Noch einmal wandte sich Irina Bokova am Donnerstag an die Welt. "Jede Zerstörung von Palmyra wäre nicht nur ein Verbrechen, sondern ein unwiederbringlicher Verlust für die Menschheit", klagte die Unesco-Chefin in ihrer Videobotschaft aus Paris. Palmyra sei eine Wiege der Zivilisation, sie gehöre der gesamten Erde und jeder müsse beunruhigt sein über das, was sich dort abspiele. Zum großen Entsetzen rund um den Globus nämlich scheint seit dem späten Mittwochabend nun auch das Schicksal der einzigartigen antiken Ruinen-Metropole besiegelt, die seit 1980 zum Weltkulturerbe gehört.

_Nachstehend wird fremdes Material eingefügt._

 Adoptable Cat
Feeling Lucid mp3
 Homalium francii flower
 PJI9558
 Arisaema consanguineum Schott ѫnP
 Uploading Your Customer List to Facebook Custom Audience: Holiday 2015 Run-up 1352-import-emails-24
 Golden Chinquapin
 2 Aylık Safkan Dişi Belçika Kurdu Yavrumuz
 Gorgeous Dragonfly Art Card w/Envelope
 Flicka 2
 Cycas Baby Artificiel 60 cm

Nach siebentägigen schweren Gefechten mit fast 500 Toten ließen die Soldaten des Assad-Regimes die umkämpfte Stadt mit ihren 70.000 Einwohnern binnen weniger Stunden im Stich. Seitdem sind die Dschihadisten des "Islamischen Staates" (IS) die neuen Herren in Palmyra, deren Neustadt Tadmur heißt. Noch steht das weltberühmte Ensemble, doch es scheint nur eine Frage der Zeit, bis es im Namen des Islams genauso dem Erdboden gleichgemacht wird, wie die assyrischen Königsstädte Ninive, Hatra und Nimrud nahe der nordirakischen Großstadt Mossul.

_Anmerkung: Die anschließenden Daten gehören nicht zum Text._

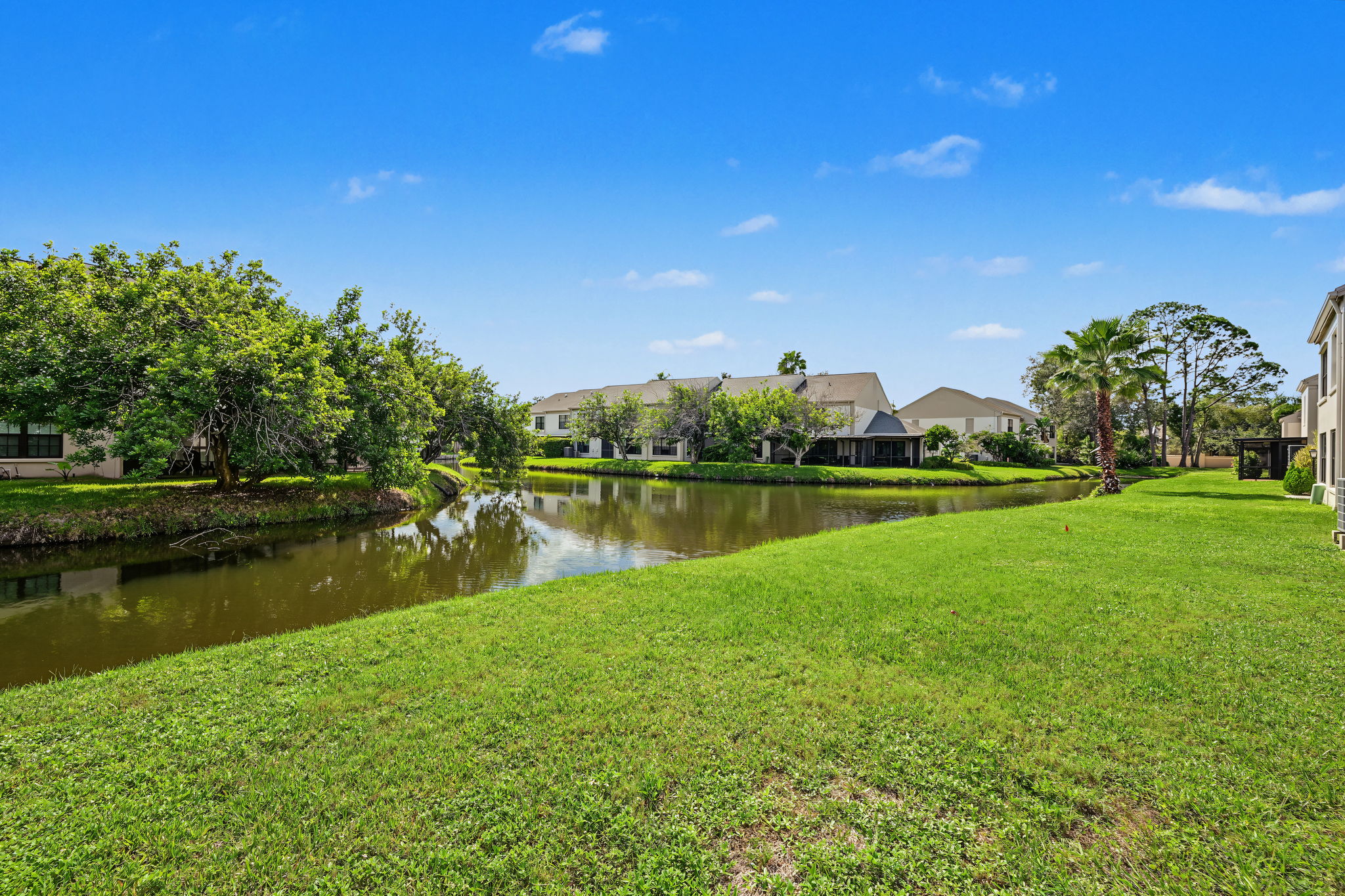 Backyard5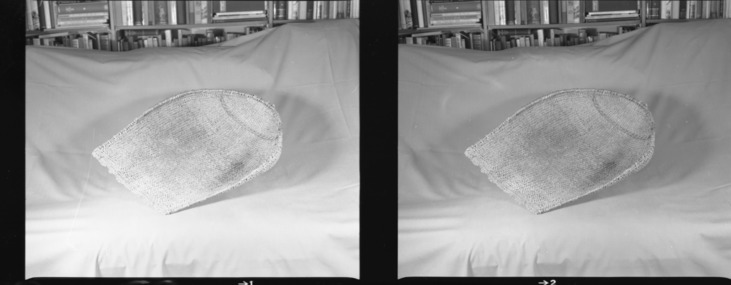 Private Collection. Object: Costanoan basket. Dimensions: 56 x 42 cm. Materials: sedge root, equisetum root, unidentified shoots, rimstick unidentified (red bark). Technology: Starts with one row of plain twining, up to right slant of turns, then row of bound weave three rows of plain twining with alternate slants of turns, body of basket in diagonal twining, with one tow of plain twining 13 cm from start, wrapped & stitched rim finish. All ends appear on the work face. Photographed by Michael Dixon. Catalogued by Craig Bates and Barbara Beroza. Yosemite Collections, National Park Service.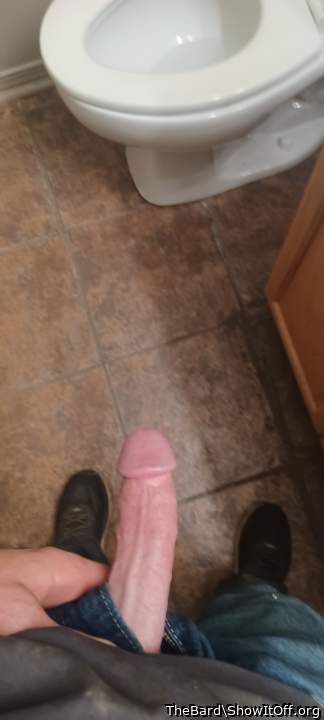 Photo of a boner from TheBard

In Syrien beherrscht der IS nach Angaben der Syrischen Beobachtungsstelle für Menschenrechte inzwischen die Hälfte des Territoriums, von dem jedoch viele Landstriche nur sehr dünn besiedelt sind. Alliierte Kampfflugzeuge griffen in die Kämpfe um Palmyra nicht ein, weil das den Assad-Truppen geholfen hätte. Und dennoch sind militärische Beobachter überrascht, wie chaotisch nun auch die syrischen Truppen vor dem IS kapitulierten, ähnlich wie die irakischen Einheiten vergangene Woche in Ramadi.

"Sie haben ganz Palmyra unter Kontrolle, viele Familien versuchen, aus der Stadt zu fliehen, die Kampfflugzeuge des Regimes bombardieren weiter", zitierte der Sender Al Jazeera einen syrischen Aktivisten. Die Dschihadisten besetzten auch den Flughafen, die Zentrale der Staatssicherheit und das berüchtigte Tadmur-Gefängnis, wo sie mehr als 1.000 Insassen befreiten. Im Hof des Gebäudes aus der französischen Mandatszeit sind auf einem nächtlichen Video jubelnde Menschen zu sehen, die unter "Allah ist groß"-Rufen ein Plakat des syrischen Herrschers Baschar al-Assad abfackeln. Auch die beiden wichtigen Gasfelder Arak und al-Hail fielen in die Hände der Sieger, von denen ein Großteil der Stromversorgung der verbliebenen Regimegebiete in Syrien abhängt.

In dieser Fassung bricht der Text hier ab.